App Bundles
Brian J. Tarricone
bjt23 at cornell.edu
Wed Aug 26 16:41:47 PDT 2009
On 08/26/2009 03:25 PM, Stephen Paul Weber wrote:
> In some contexts, app bundles (where all files for an application live in
> some folder, like on MacOS) are useful. I've been thinking recently about
> an app bundle layout that is based on freedesktop specs and also not
> gratutitously different from the MacOS layout. I share it here because
> someone might like the idea, or have an even better one.
Cool!
> An app bundle is any directory containing a Contents folder which contains
> an app.desktop file.
This might be a bit too general. Why not define a standard extension
(such as .app) for the directory name like MacOS X does?
> The icon for the bundle is the icon for the desktop entry.

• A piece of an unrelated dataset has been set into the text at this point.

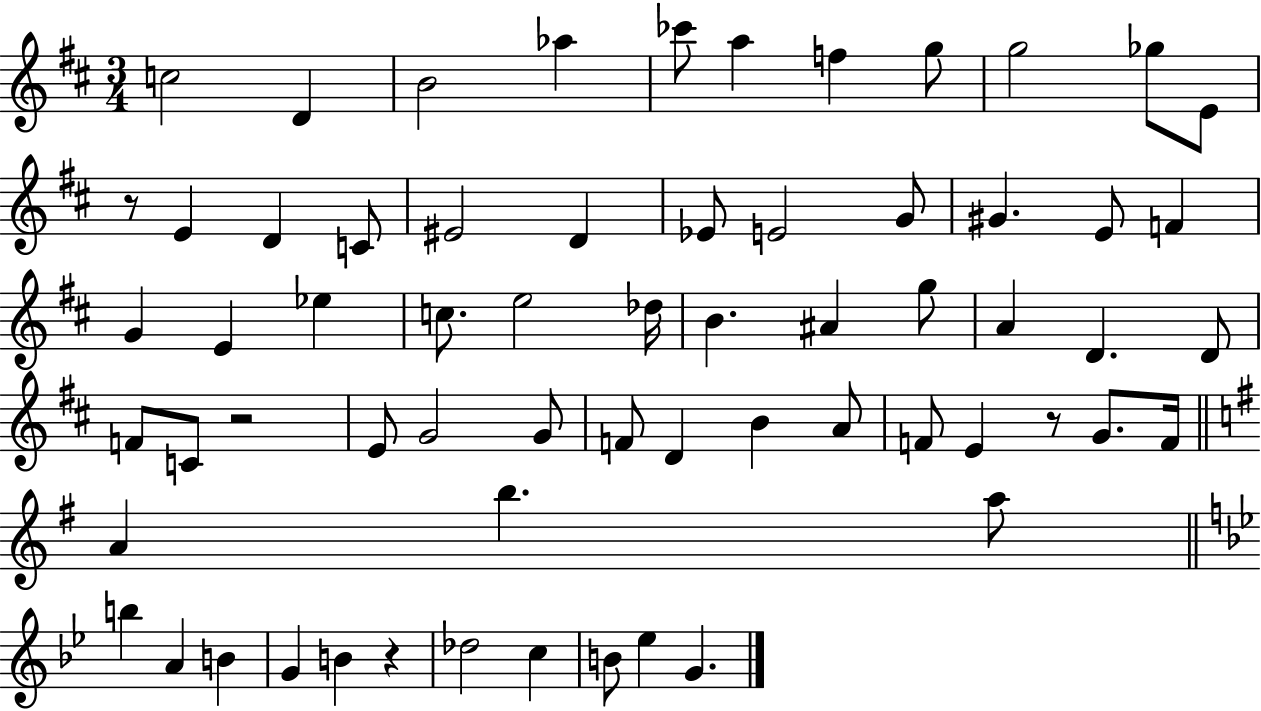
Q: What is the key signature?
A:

Icons should be
> searched for first in Contents/Resources and then according to the rest of
> the icon theme spec.
I'd prefer to have an 'icons' subdir (or something) inside Resources
that has a directory structure that complies with the icon theme spec.
Of course that makes for another MacOS X incompatibility, though I guess
it's already incompatible since Mac app bundles use the .icns format,
which I doubt gtk or qt support natively.
> The arch string for a system is:
>
> `uname -s | tr '[:upper:]' '[:lower:]'`-`uname -m`
This might be something you'd choose not to support, but: whether or not
you can run the app also depends on the C++ ABI in use, and possibly
other things. There's a discussion somewhere in the archives for this
list about XDG_LIB_HOME that might be illuminating.
> uname -m should be normalised (i\d86, x86 => i386. x86_64 => amd64)
I'd agree to i386 normalisation, but x86_64 is the canonical arch name
(at least by GNU standards), so we should use that. I'd imagine
nowadays there are as many (if not more) Intel x86_64 setups than AMD, even.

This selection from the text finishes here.